- Information supplied
------------------------------------------------

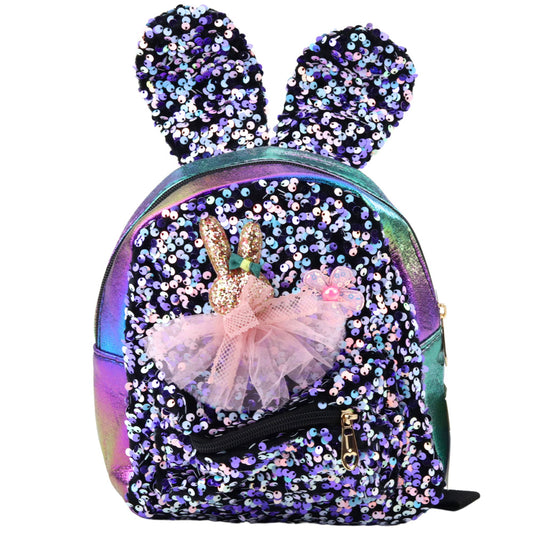 Children's Backpack with Sequins and Rabbit Ears, Dark Multicolored, 22 cm, 4.4 L - Carlat
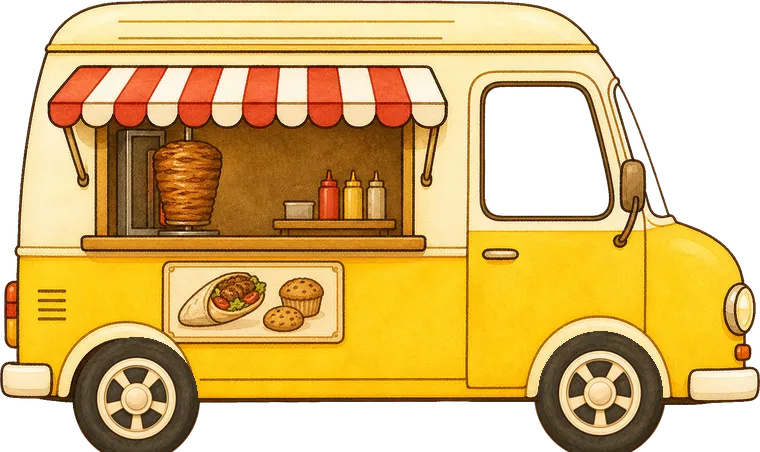 黄色いキッチンカーのイラスト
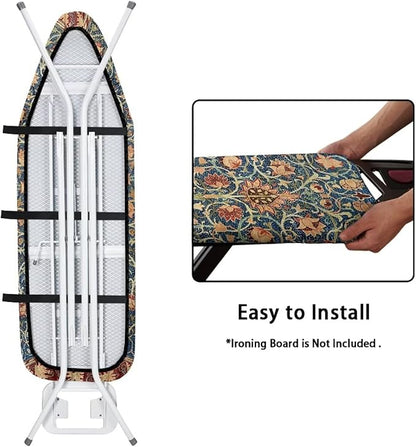 ZCFYGDX Vintage Flower Print 14 x 45 Ironing Board Covers Nylon Buckle Straps Fasteners & Elastic Edge Stain Resistant Breathable,Suitable for Multi-Size Iron Board Relaxing Ironing Experience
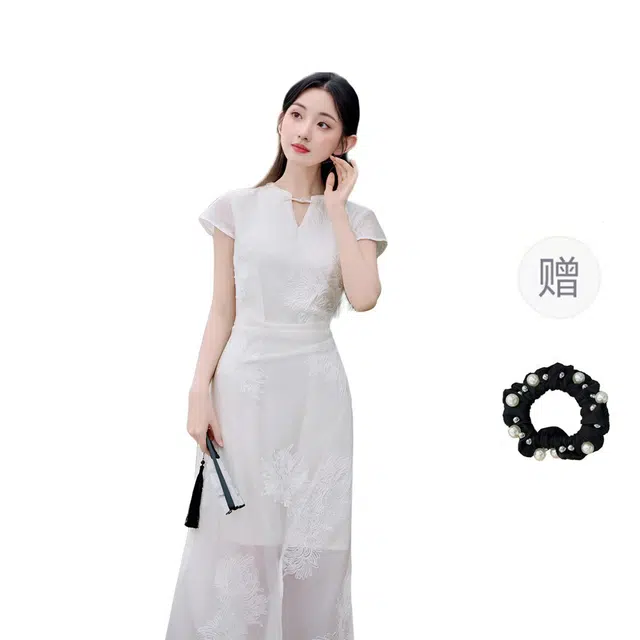 雾闪闪 新中式优雅古典时尚潮流舒适简约短袖连衣裙 女款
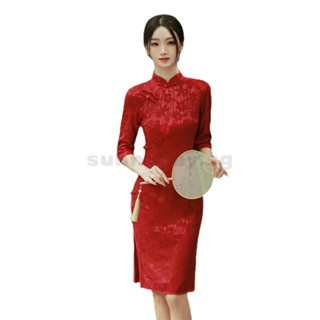 Image of thu nhỏ Preferential Price Autumn New Style Red Toast Dress Composite Lace Side Eight Button Cheongsam Banquet Wedding VHWH #5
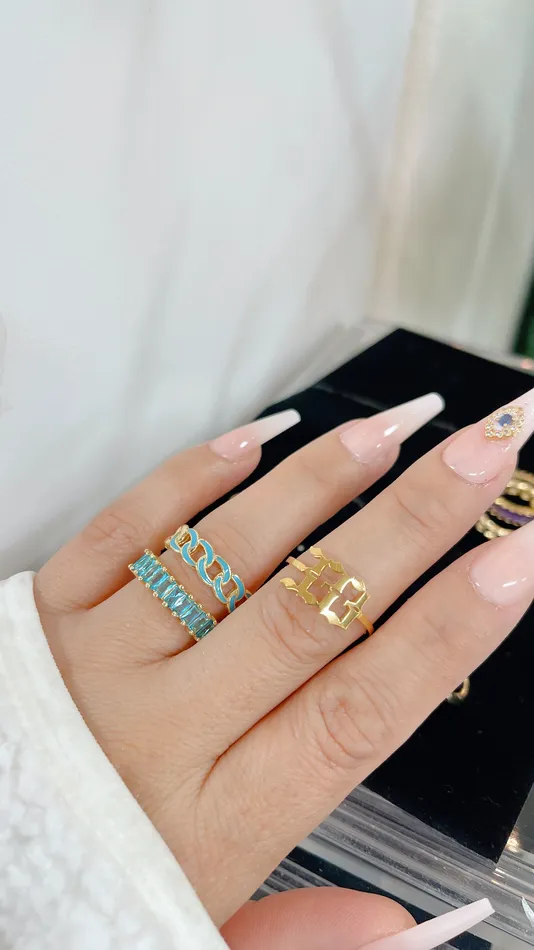 MP Jewelry Blue Chain Ring Set Rings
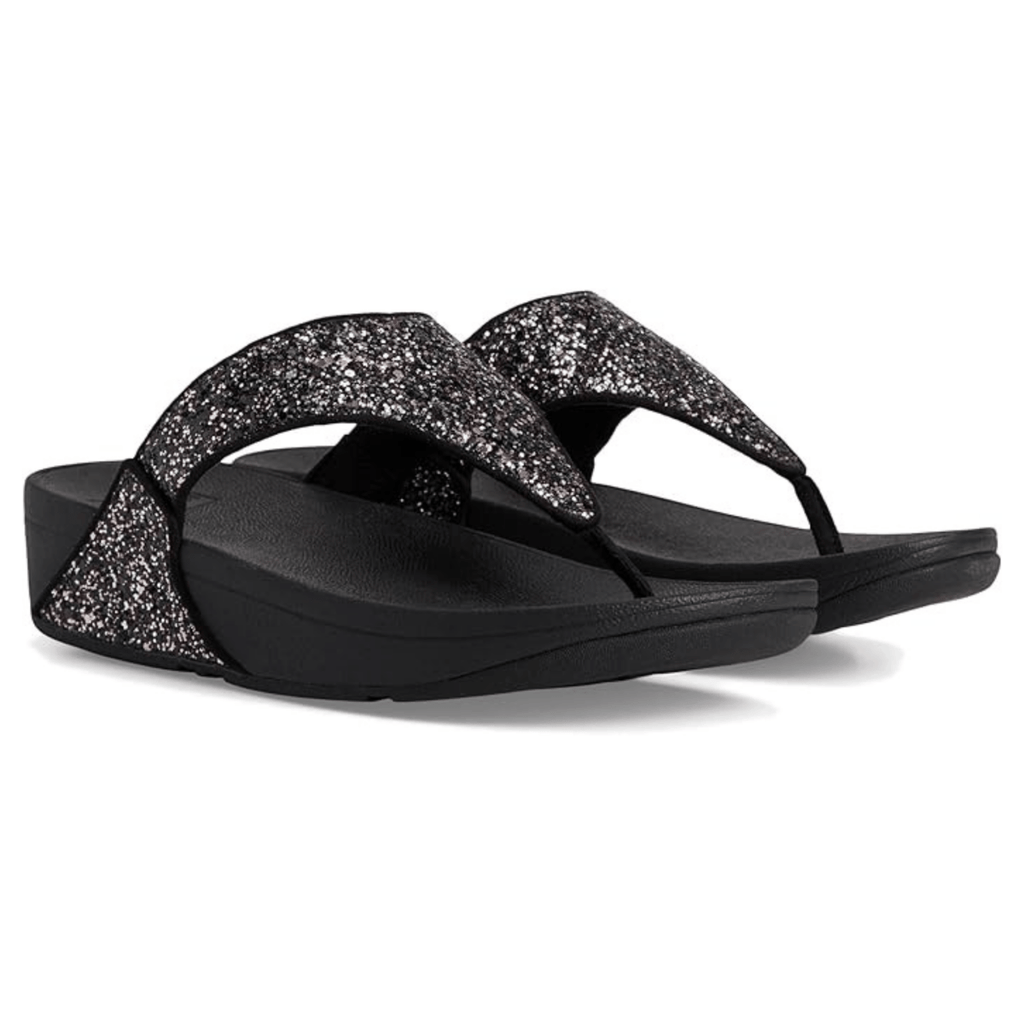 FitFlop Women's Lulu Glitter Toe-Post Black Multi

------------------------------------------------

- What is being asked
The records above must be copied exactly, with no pictures carried over.

- Result for this task
 Children's Backpack with Sequins and Rabbit Ears, Dark Multicolored, 22 cm, 4.4 L - Carlat
 黄色いキッチンカーのイラスト
 ZCFYGDX Vintage Flower Print 14 x 45 Ironing Board Covers Nylon Buckle Straps Fasteners & Elastic Edge Stain Resistant Breathable,Suitable for Multi-Size Iron Board Relaxing Ironing Experience
 雾闪闪 新中式优雅古典时尚潮流舒适简约短袖连衣裙 女款
 Image of thu nhỏ Preferential Price Autumn New Style Red Toast Dress Composite Lace Side Eight Button Cheongsam Banquet Wedding VHWH #5
 MP Jewelry Blue Chain Ring Set Rings
 FitFlop Women's Lulu Glitter Toe-Post Black Multi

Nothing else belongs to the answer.